Las tres hornallas estaba encendidas y su brillo me hacía pensar que yo estaba en otra nave, en un pequeño transbordador que me alejaba de la nave nodriza, porque evidentemente todo había sido una estrategia para proteger a mi hermano, a mi mamá y al hermanito, ahora lo entendía. El hombre de la casa había estado todo el tiempo en un asteroide cercano, y era mi enemigo jurado. Yo no podía arriesgar la vida de mis seres queridos y tenía que ir sólo a enfrentarlo. Mientras mi hermano conducía la nave nodriza, yo me embarcaba rumbo a la pelea decisiva.
Pero mi hermano volvió y dijo que mamá seguía durmiendo y preguntó si faltaba mucho para que estuviera la leche. Le dije que sacara la manteca de la heladera y que pusiera la mesa, y le advertí que no dijera sí mi capitán. Entonces tuve la idea más genial de todas, la que me confirmaba como un almirante digno de admiración. Vamos a tomar la leche a la cabina, dije, así controlaremos si viene o no.
Fuimos y nos sentamos frente al tablero. Sacamos el piloto automático y nos dispusimos a conducir la nave. Era una gran máquina, de manera que sólo hacía falta apretar unos botones de vez en cuando. Ya era casi de noche. El cielo seguía lluvioso y negro pero en el horizonte se advertía un resplandor naranja. Mañana va a salir el sol, dije. Tomamos la leche en silencio, comimos tostadas con manteca. Por la vereda ahora pasaban unos planetas y galaxias, lentos y majestuosos. Él no aparecía. No hablábamos, mi hermano y yo, mientras continuaba el viaje. Se me ocurrió que a lo mejor no lo encontrábamos, que no volvía nunca y que mi duelo con él se perdería para siempre. Pensé que tal vez sería lo mejor.
Mamá se levantó y vino a vernos. No dijo nada. Corrió algunos controles del tablero y se sentó. Se sirvió una tostada y se puso a mirar por el ventanal. Era noche plena.
¿Vos preparaste la leche?, me preguntó. Le dije que sí. Las tostadas están ricas, dijo, y sonrió. Mi hombrecito, agregó. Pero yo no hubiera querido escuchar que me llamaba así, porque sabía que eso la iba a hacer llorar; aunque quién sabe, a lo mejor era otra vez por el hermanito.
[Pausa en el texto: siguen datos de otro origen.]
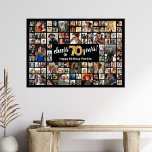 70th Birthday Black Gold 100 Photo Collage Poster<br><div class="desc">Elegant 70th birthday party poster sign featuring a stylish black background that can be changed to any colour,  a 100 photo collage of memories through the years,  the saying 'cheers to 70 years',  and their name.</div>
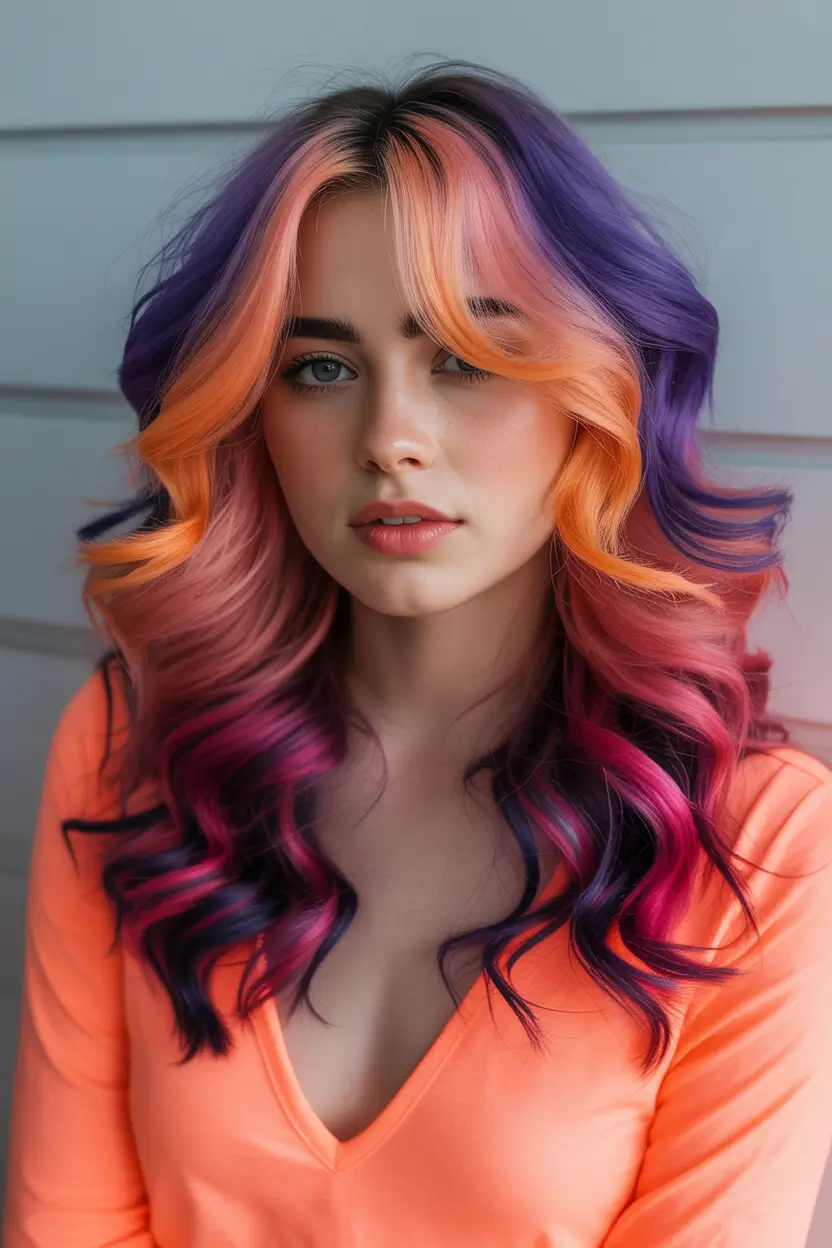 spring balayage hair color ideas 2026 Sunset Prism Balayage with Soft Waves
Lagrimeó un poco y estuvo a punto de repetir aquellas palabras, pero yo la interrumpí. Le dije que más bien yo era como ella, que no quería ser el hombre de la casa, porque él no estaba nunca y además yo había preparado solo la merienda, así que ahora era más bien como mi mamá, porque cuidaba a mi hermano, la cuidaba a ella y también al hermanito que venía, aunque no siempre pensara en él.

No importa que ella no haya dicho nada, que se pusiera otra vez a mirar por el ventanal para ver si él venía o no. No vendría, yo estaba seguro. Y si lo hacía, no lo dejaríamos entrar a la nave nodriza. Después de todo, el capitán de esa nave era yo.